Retype all entries exactly as they stand, excluding pictures.

Data for this exercise section start

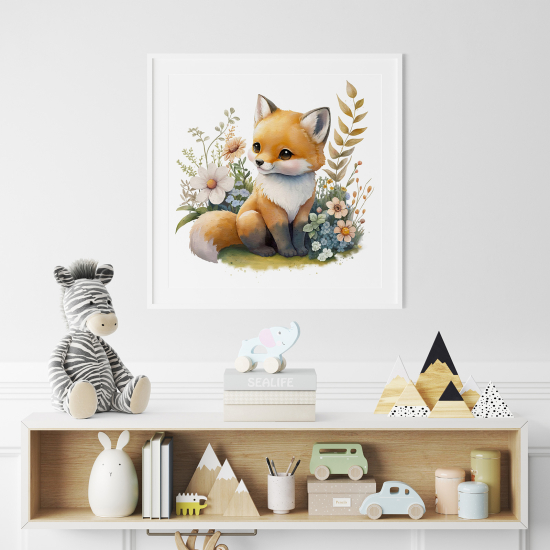 Poster for Kids - Fox flowers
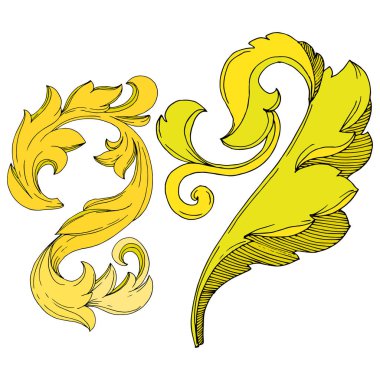 Vektör Altın Monogram Çiçek Süsü. Siyah beyaz işlemeli mürekkep sanatı. İzole edilmiş monogram çizim ögesi.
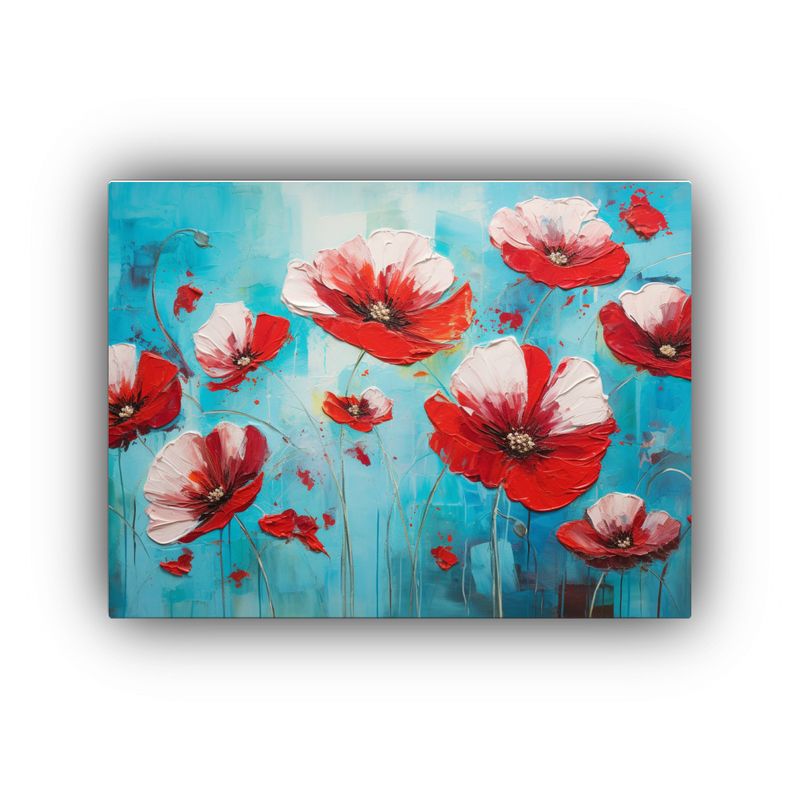GENERICO - Pintura Flor Roja Y Turquesa En Lienzo Alta Calidad Y Armon 120x80cm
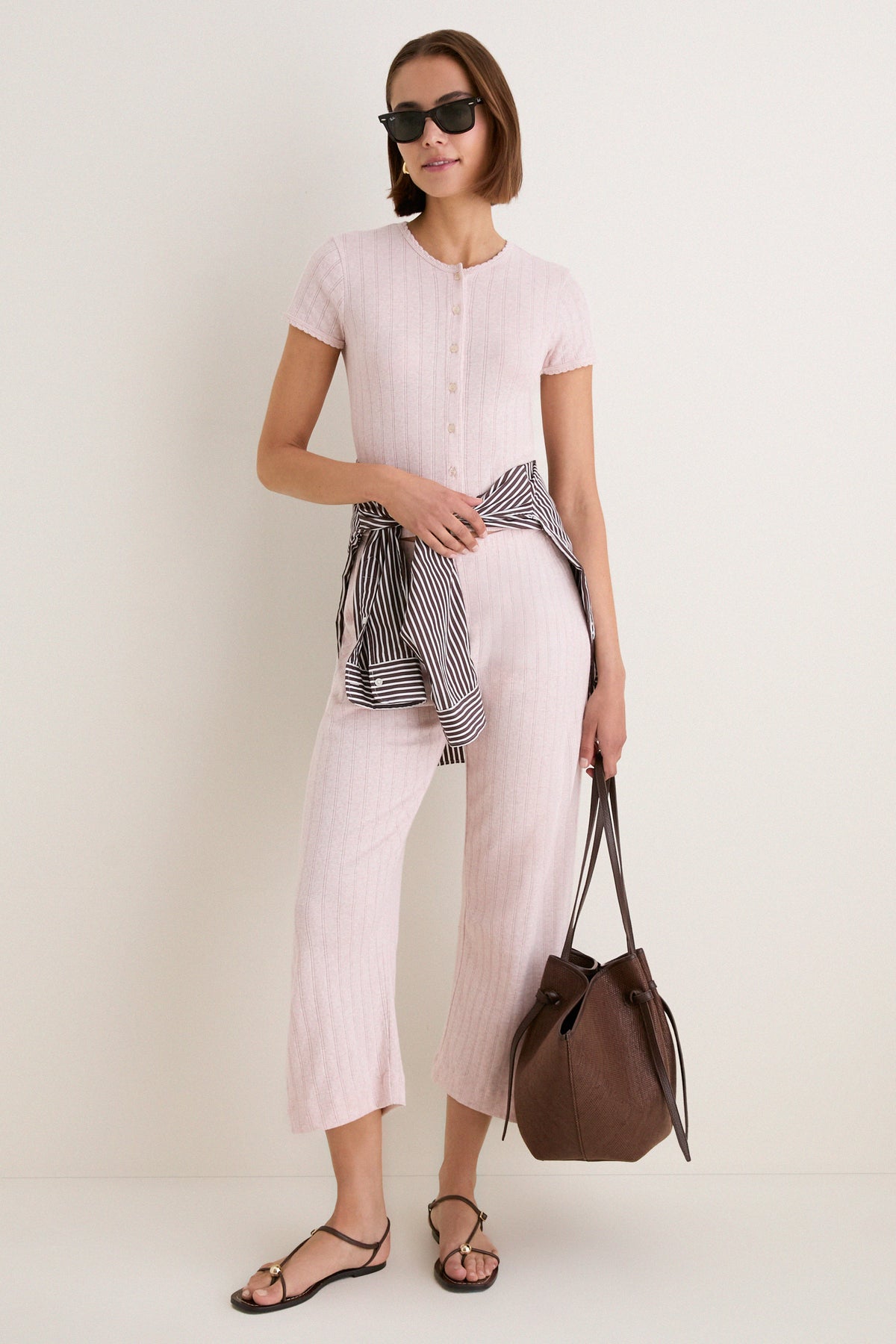 Petal Melange Pointelle Cropped Wide Leg Pant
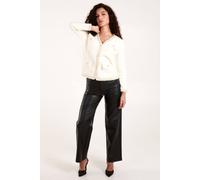 Blue Vanilla Women's Ivory Long Sleeve V-neck Coat | Size: Medium/Large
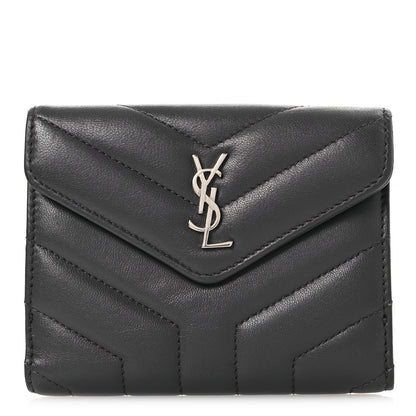 Saint Laurent Lambskin Y Quilted Monogram Compact Loulou Wallet Asphalt 1 of 9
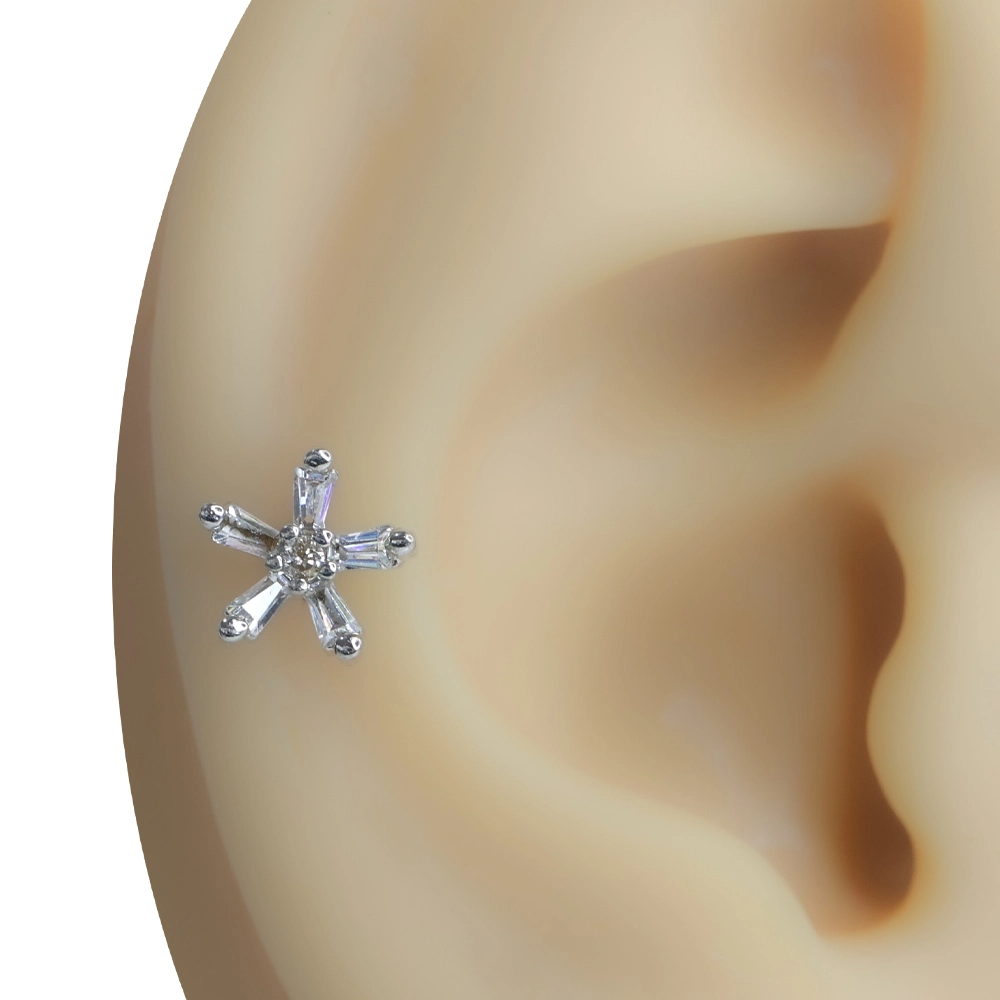 Buz Işıltısı Gümüş Renk Zirkon Taşlı Tragus Helix Kıkırdak Piercing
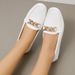 2025 Spring And Autumn New Women's Loafers, Korean Style Round Toe Low Heel With Metal Chain, Casual Outdoor Shoes For_vogvips.com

Data for this exercise section end

| Answer |
 Poster for Kids - Fox flowers
 Vektör Altın Monogram Çiçek Süsü. Siyah beyaz işlemeli mürekkep sanatı. İzole edilmiş monogram çizim ögesi.
GENERICO - Pintura Flor Roja Y Turquesa En Lienzo Alta Calidad Y Armon 120x80cm
 Petal Melange Pointelle Cropped Wide Leg Pant
 Blue Vanilla Women's Ivory Long Sleeve V-neck Coat | Size: Medium/Large
 Saint Laurent Lambskin Y Quilted Monogram Compact Loulou Wallet Asphalt 1 of 9
 Buz Işıltısı Gümüş Renk Zirkon Taşlı Tragus Helix Kıkırdak Piercing
 2025 Spring And Autumn New Women's Loafers, Korean Style Round Toe Low Heel With Metal Chain, Casual Outdoor Shoes For_vogvips.com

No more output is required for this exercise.